Fonte: “A study on malware detection and classification using the analysis of API calls sequences through shallow learning and recurrent neural networks”, Paper, https://ceur-ws.org/Vol-3260/paper9.pdf
Malware detection and classification is a critical issue in cybersecurity. Systems acting through signatures suffer the problem of not being able to detect attacks via zero-day malware. Among the approaches that can detect unknown attacks are the possibilities offered by analyzing the sequence of API calls performed by the executable. Such information can be extracted through static and dynamic analysis methods in a sandbox environment. This work proposes an analysis of different techniques to detect malware and subsequently classify them by identifying the family of belonging.
Machine Learning algorithms based on trees are compared with Deep Learning algorithms based on Recurrent Neural Networks. The results obtained lead to choosing an algorithm based on RNNs for malware detection and an algorithm based on trees for malware classification.
The constant growth of the development and diffusion of new technologies expose systems to potential risks. Among the main risks is malware, malicious software created to steal, spy, or, more in general, damage infected systems.

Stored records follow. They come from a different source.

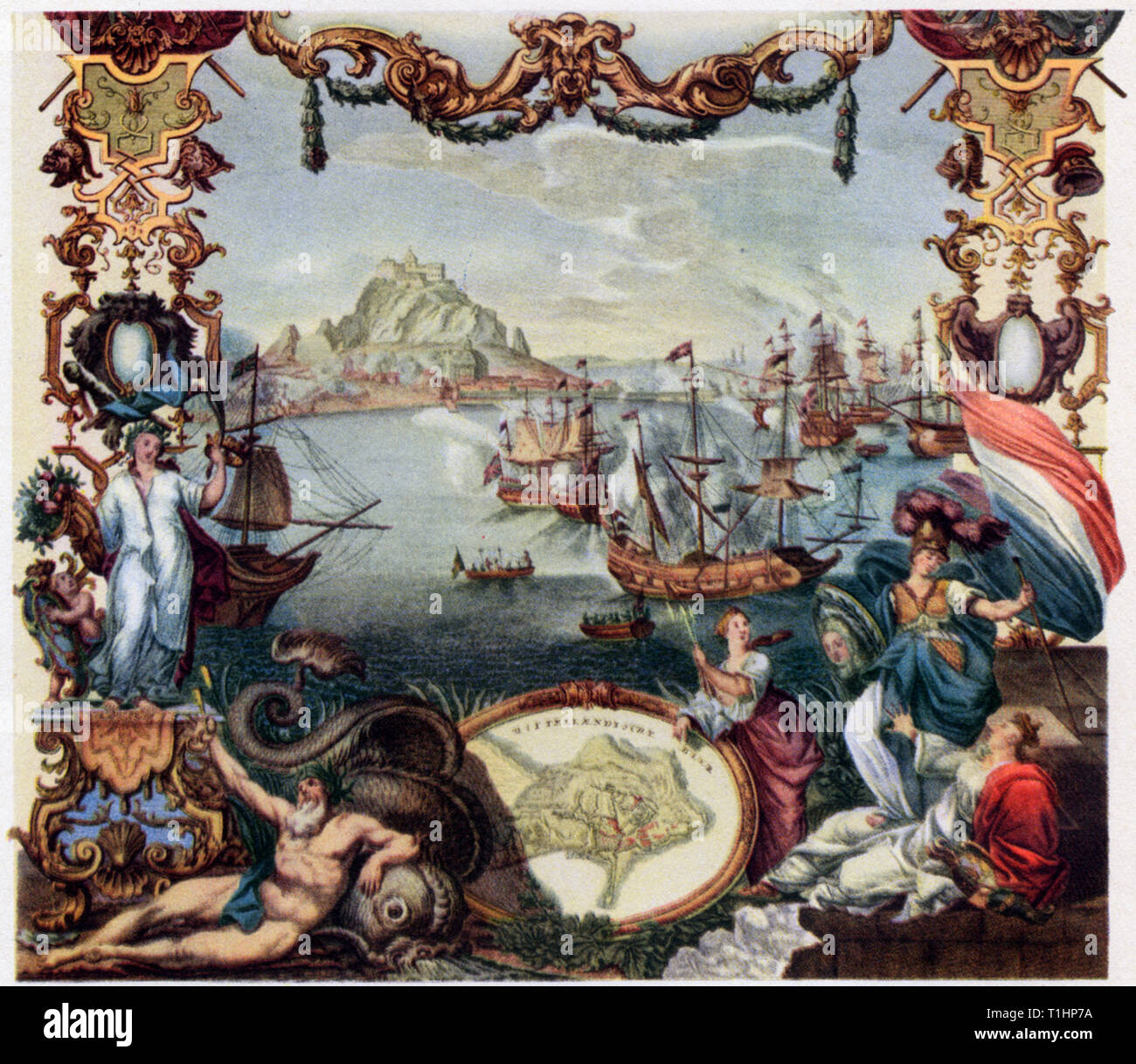 Die Erfassung von Gibraltar, 1704. Von Johann August Corvinus (1683-1738) und Paulus Decker der Ältere (1677-1713). Die Erfassung von Gibraltar durch anglo-holländischen Kräfte der Grand Alliance zwischen 1. und 3. August 1704, im Spanischen Erbfolgekrieg. Stockfoto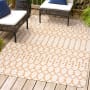 JONATHAN Y Lighting Santa Monica 3' x 5' Polypropylene Moroccan & Tribal, Southwestern, and Trellis Indoor/Outdoor Rectangular Area Rug Cream / Orange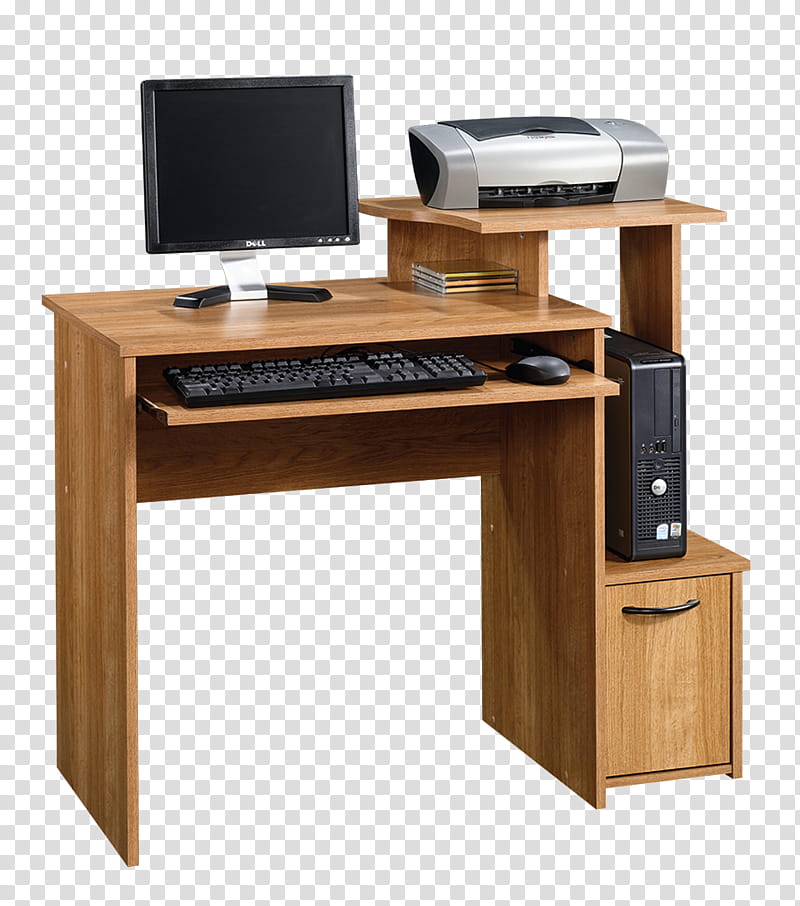 black Dell computer monitor, gray printer, and brown wooden desk transparent background PNG clipart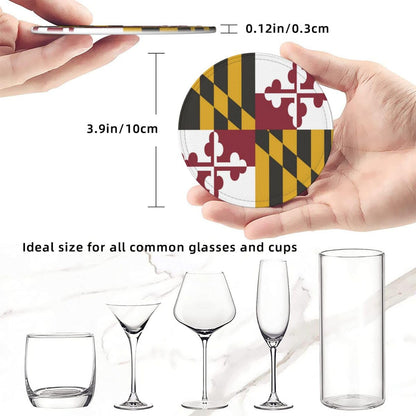 6 Pack Maryland State Flag Leather Coaster with Holder for Drinks- Heat Resistant Non-Slip National Flag Funny Coasters for Wooden Table Coffee Bar Kitchen Decor Housewarming, Set of 6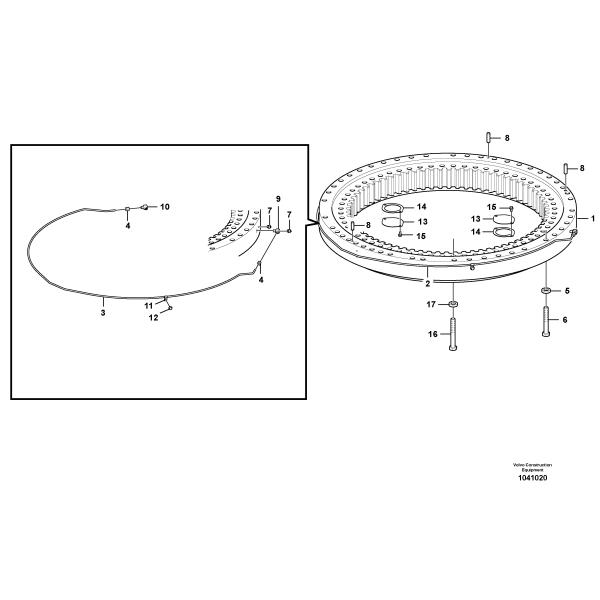 Шестерня цикла качания кольца скольжения Slewing EC300D EC290B ОСНОВНАЯ EC290C ECR305C FC3329C PL3005D VOE14570794 сверхмощная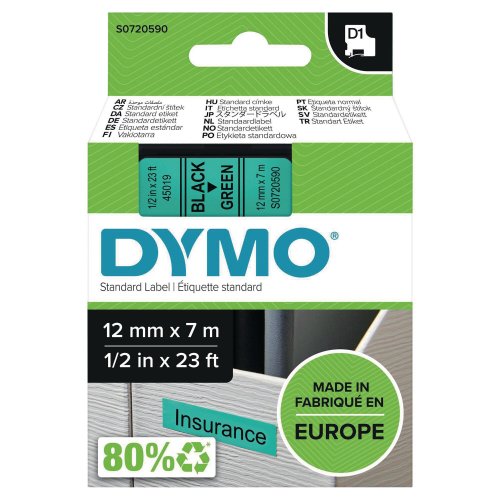 Nauha Dymo® d1 12mm x 7m musta/vihreä, hinta 16,30€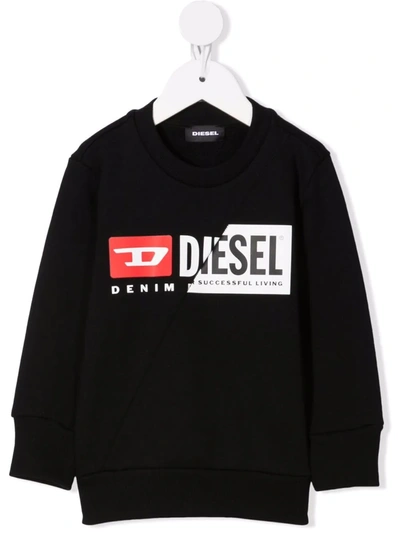 Diesel Long-sleeved Logo Print Jumper In 黑色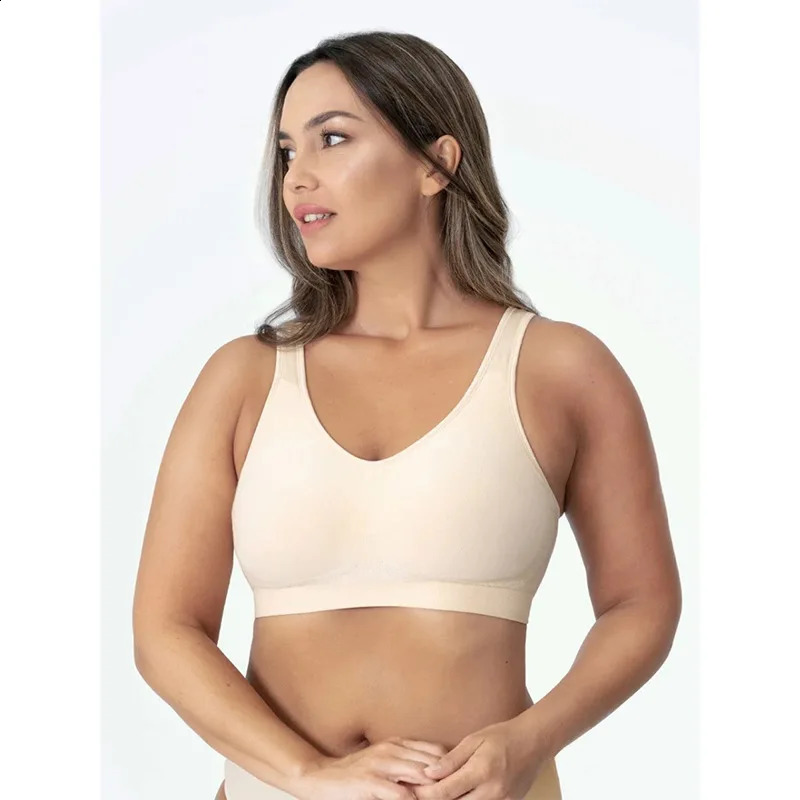 Womens Daily Comfort Wireless Shaper Bra Sexy Bright Silk Decoration Lingerie Female Removable Pad Underwear S4XL C06 250122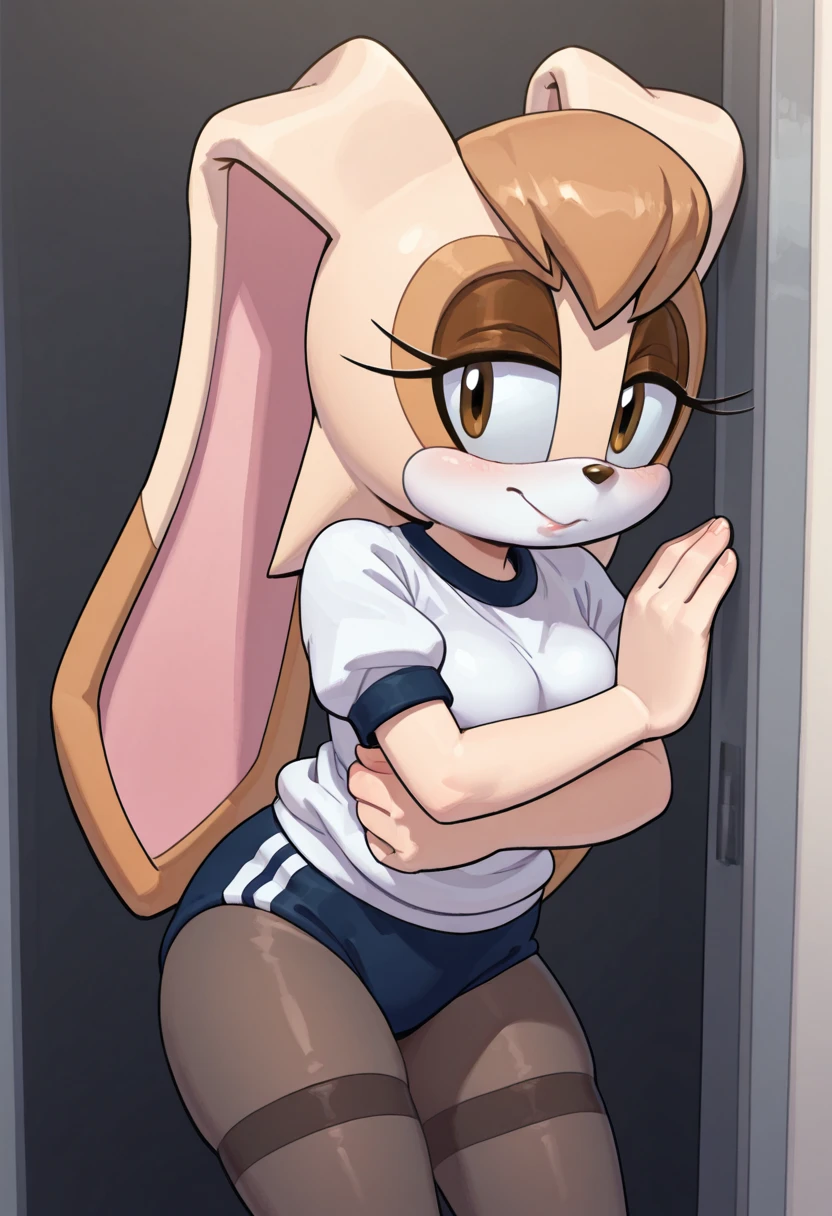 lola bunny, wearing sports bra, sports shorts, trapped in a locker, bound and gagged with tape, bondage, kidnapping, held hostage, looking terrified, scared, crying.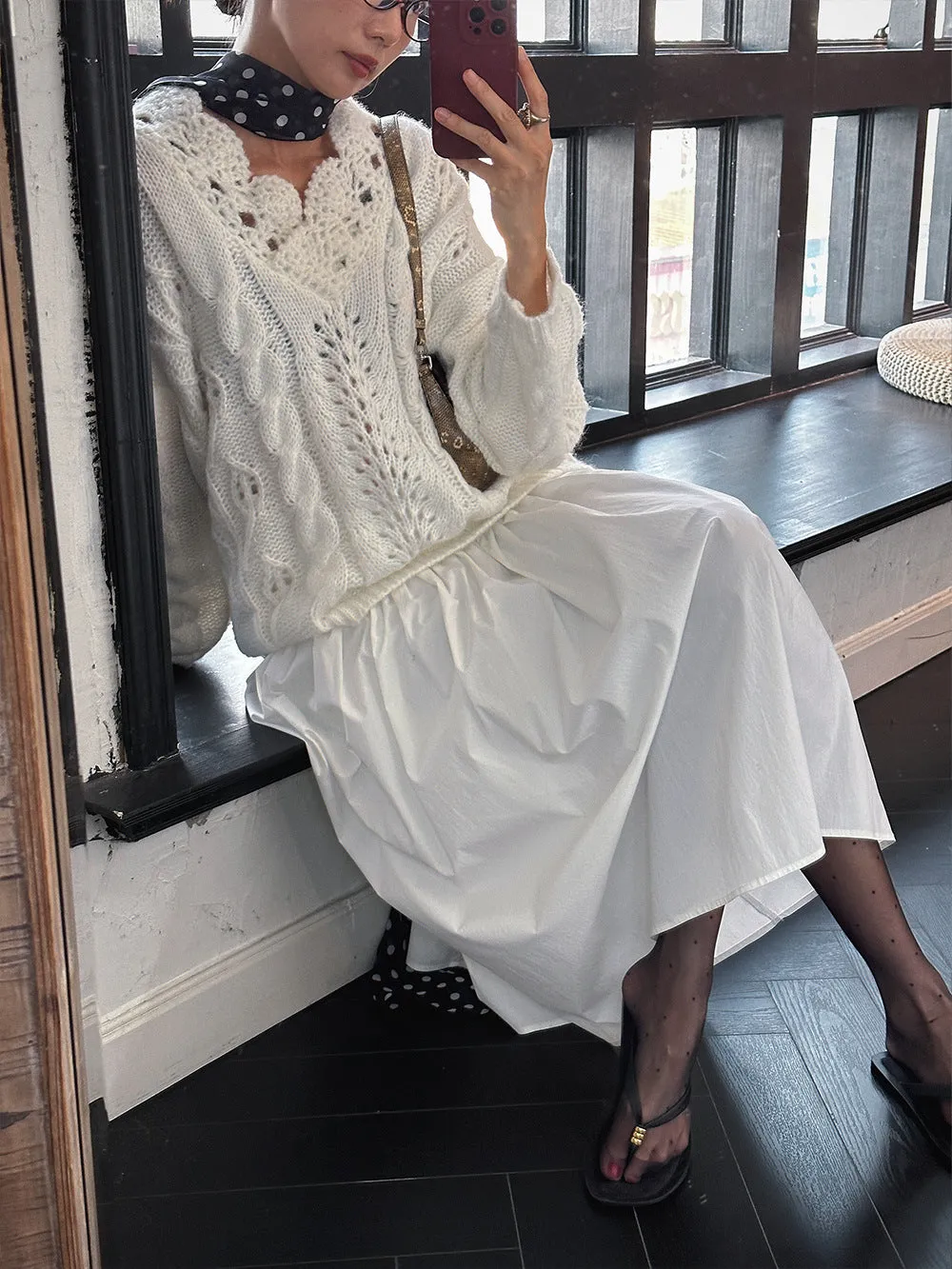 Embroidery White Sweater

In order to mitigate this risk, it is necessary to adopt tools that can detect, classify and block these threats on time. The literature analysis shows that most malware detection systems are based on static analysis techniques such as signature verification, which are very good for all known malicious software, but at the same time, ineffective for new malware since the signatures of these applications are not yet available.
An alternative approach is using sandbox information (such as CAPEv2), which provides dynamic application analysis. The sandbox software encapsulates the information extracted in reports for each file analyzed. The reports contain the ordered sequence of API calls called.